ONE of the areas in which Nigeria’s rich potentials has been well-documented is the mining sector. In the 1960s, mining contributed up to 50 per cent to the nation’s economy. But due to the advent of oil, Nigeria lost interest in mining. Solid minerals contributed about 0.3 per cent to our GDP in 2015 as opposed to the Democratic Republic of Congo and Botswana (40 per cent).

File: A mineral exploration drilling team 

Because of the low technical capacity in the sector, the Federal Ministry of Mines and Steel Development, MMSD, estimates that Nigeria lost up to $9 billion to illegal mining between 2015 and 2016. It is not just the loss of revenue that makes unregulated artisan mining a danger to the nation. The miners who are usually poor rural dwellers use crude implements and antiquated methods to extract precious stones such as gold, silver, lead, sapphire, gypsum, emerald, granites and others to feed their families.

But in so doing, they devastate the environment, create gullies, exacerbate flooding, cause massive deforestation and often become victims of lead, mercury or other sources of poisoning linked to these metals.

Over the years, the Federal Government has tended to react to the activities of the artisan miners with its usual knee-jerk approach by trying to use force.

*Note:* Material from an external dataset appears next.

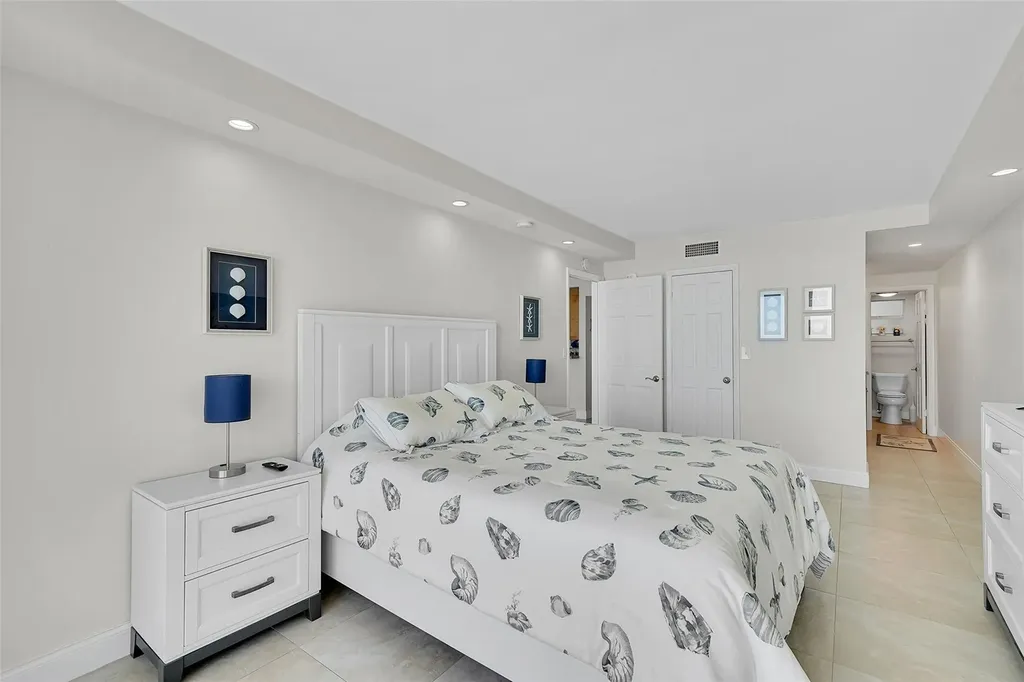 400 N Surf Road Hollywood FL 33019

Raids were conducted on minefields and those arrested were promptly clamped into detention with very little done thereafter. In recent years, however, it has dawned on the authorities that criminalising artisan mining is not the smart thing to do.

According to the Minister of State for Mines and Steel Development, Alhaji Abubakar Bwari, government has shifted more emphasis to regulating the activities of artisan miners. They are now encouraged to form cooperatives and members of such registered bodies are trained to approach artisan mining through approved methods to reduce risks to the miners, the communities where they operate and the environment. It will also help in policing the mines and increase revenue to government coffers.

We commend this new approach because it does not make sense to declare two million artisan miners as “criminals”. They are part of the community and can play their legitimate roles in the economy if properly guided and assisted. Even when big players finally return to the Nigerian mining sector, small players will still have roles to play to ensure that the industry works for all.

We hope that the Ministry of Mines and Steel Development will activate the Mining Roadmap adopted in September 2016 which envisages that the mining sector will be able to directly and indirectly contribute not less than $27 billion to the economy which will represent three per cent GDP by that date.

Mining and agriculture are the future of the nation’s extractive industry after oil. We must get serious with them.